(Records from a dataset)
◇ ◇ ◇ ◇ ◇
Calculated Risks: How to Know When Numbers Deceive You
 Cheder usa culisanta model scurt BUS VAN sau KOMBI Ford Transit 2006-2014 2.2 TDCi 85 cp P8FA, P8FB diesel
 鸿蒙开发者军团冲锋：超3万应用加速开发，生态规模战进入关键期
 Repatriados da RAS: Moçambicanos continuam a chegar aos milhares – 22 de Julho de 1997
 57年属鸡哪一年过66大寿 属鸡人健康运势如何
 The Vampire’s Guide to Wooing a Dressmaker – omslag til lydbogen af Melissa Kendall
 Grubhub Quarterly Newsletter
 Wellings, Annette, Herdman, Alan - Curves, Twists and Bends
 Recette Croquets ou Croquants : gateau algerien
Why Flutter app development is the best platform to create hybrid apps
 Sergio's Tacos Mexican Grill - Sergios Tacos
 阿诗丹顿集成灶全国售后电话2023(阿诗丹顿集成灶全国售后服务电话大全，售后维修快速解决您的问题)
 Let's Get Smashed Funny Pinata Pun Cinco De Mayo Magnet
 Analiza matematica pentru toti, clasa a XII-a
◇ ◇ ◇ ◇ ◇
### Task description
Please transcribe the lines from the one containing "Let's Get Smashed" through the last line of the records. Include both ends and nothing else.

### Written response
 Let's Get Smashed Funny Pinata Pun Cinco De Mayo Magnet
 Analiza matematica pentru toti, clasa a XII-a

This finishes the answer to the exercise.